ARMY NEWS

AUSA News: Robotics ‘Most Promising Area’ of Army Vehicle Transformation

10/11/2023
By Laura Heckmann
Ripsaw M5, Textron Systems’ RCV offering

Textron Systems photo

WASHINGTON, D.C. — Continuous transformation is one of four priorities laid out by Army chief of staff Gen. Randy George, and for the service’s combat vehicles, its most “promising” avenue is robotics.

“We have some opportunities to accelerate how we fight as an Army,” Brig. Gen. Michael Simmering, commandant of the United States Armor School, said during a panel discussion at the Association of the United States Army’s Annual Meeting and Exposition Oct. 11. “Number one … robotics. Robotics is probably the most promising area that we have in the armored vehicle portfolio to fundamentally change how we fight.”

Brig. Gen. Geoffrey Norman, director of the Army’s Next Generation Combat Vehicles Cross Functional Team, said the Army’s robotic vehicles “really represent opportunities for new ways of fighting, for organizing differently and bringing new capabilities to the battlefield.”

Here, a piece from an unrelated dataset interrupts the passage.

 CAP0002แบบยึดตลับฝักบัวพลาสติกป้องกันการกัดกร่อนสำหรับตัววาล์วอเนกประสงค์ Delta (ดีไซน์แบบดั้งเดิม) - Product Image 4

The Army recently announced a downselect to four teams for the Robotic Combat Vehicle, which will move the program forward into the next phase. The vendors will be producing two vehicles each for subsequent evaluation,” he said. “But in reality, the RCV effort isn't about developing just the chassis … it's actually about four key components that, brought together, make up the RCV ecosystem.”

The ecosystem consists of the chassis, the network that connects the robotic combat vehicle to a control vehicle, the control vehicle and modular payloads, he said.

The modular payloads mounted on the robotic combat vehicles are what give them different capabilities than manned platforms, he said. “Capabilities that allow us to thicken … the functions of our crewed systems and the ability to cover more terrain or do things that we couldn't do without the robotic combat vehicles.”

The software connects it all, and “[represents] a great opportunity for continued development, collaboration and integration into this effort,” he said.

Michael Cadieux, director for the Army’s Combat Capabilities Development Command’s Ground Vehicle Systems Center, said “a lot of experimentation” is happening with robotics, both in training centers and with partners, including how they interoperate with each other and in contested environments.

The RCV program has conducted two soldier operational experiments over the past two years. The second had more vehicles than the first, he said.

“And more recently than that, we've increased the complexity of the environment that they've been in,” he said. “So there's been a campaign of learning ongoing, where we've increased the scale of the robot involvement,” he said.

The next “significant event” for the RCV will be Project Convergence’s exercise next spring, he said. Lessons learned from past experiments were taken to the previous Project Convergence exercise, which he said offered continued learning “not only in reconnaissance and security, but also more expanded offensive operations and some defensive operations.”

“So we continue to increase the scope and scale of those experiments. And we'll continue to push the envelope moving forward.”

Gen. James Rainey, commanding general of Army Futures Command, has given “a pretty clear task” of producing minimum viable products “that we can put in the hands of soldiers in short order,” Norman said. While he said he couldn’t state the milestones publicly, he said the goal is “very aggressive and ambitious” and “we're gonna meet it. We're gonna get Robotic Combat Vehicle formations in the hands of soldiers ... so we can continue the learning.”

In the meantime, he said experimentation will continue at the National Training Center and “other discrete events to increase the scope and scale of the challenges that we’re overcoming on robotic combat vehicles.”

At the end of the day, the concept being supported is not robotic maneuver, Simmering said. “It's a robotic-enabled maneuver. It's humans and machines working together to get on to an objective. So that's where we're going with this.”

Additionally, the panel provided updates on platform modernization across the service, including the Abrams M1A2 SEPv3, XM30 Mechanized Infantry Combat Vehicle, M2A4 Next-Generation Bradley Fighting Vehicle, the Armored Multi-Purpose Vehicle and the M-10 Booker.

For the M1A2s, Simmering said the Army has fielded “five of 16 Armored Brigade Combat Teams. We're on track to deliver nine of 16.” The first M2A4 is “out in the field already,” and the Army is in the process of delivering the second, he said. The Armored Multi-Purpose Vehicle is on track to deliver “five of 11 … active duty Armored Brigade Combat Teams.”

The XM30, the replacement for the Bradley Fighting Vehicle, recently announced two teams moving forward that will produce seven prototypes each, “and we'll take those into limited user tests and soldier vehicle assessments in the coming years,” Norman said.

The M10 Booker “will arrive at Fort Liberty this coming year,” Simmering added. “Soldiers are already on orders at this point in time to go to Fort Liberty next spring, to be ready to train on those platforms.”

Norman added the test units at Fort Liberty “will form … the core of the first battalion that gets fielded with the initial operational capability, being in fiscal year [2025]. So by this time next year, that unit will have completed their new equipment training, and they're going to be in the throes of the initial operational test and evaluation.”